Available data:
+-------+
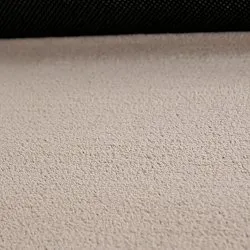 Tapis Shaggy Ondulé Asymétrique - Aranga Super Soft Fur (marron)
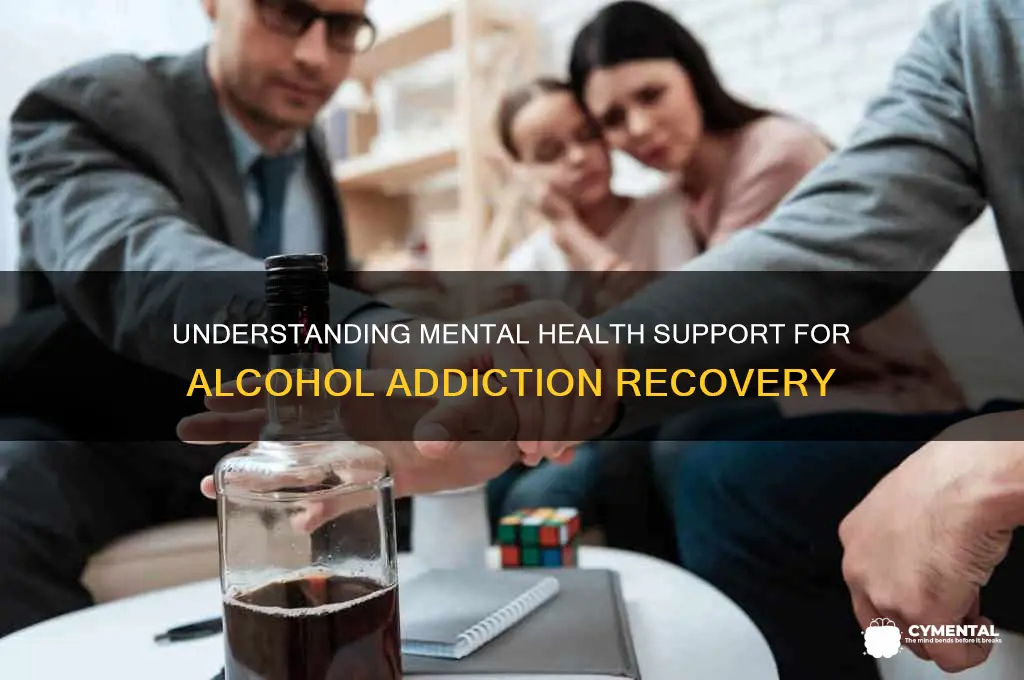 what is mental help for alcohol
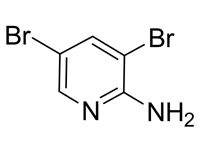 2-氨基-3,5-二溴吡啶，98%（GC)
+-------+
Print the material word for word without images.

 Tapis Shaggy Ondulé Asymétrique - Aranga Super Soft Fur (marron)
 what is mental help for alcohol
 2-氨基-3,5-二溴吡啶，98%（GC)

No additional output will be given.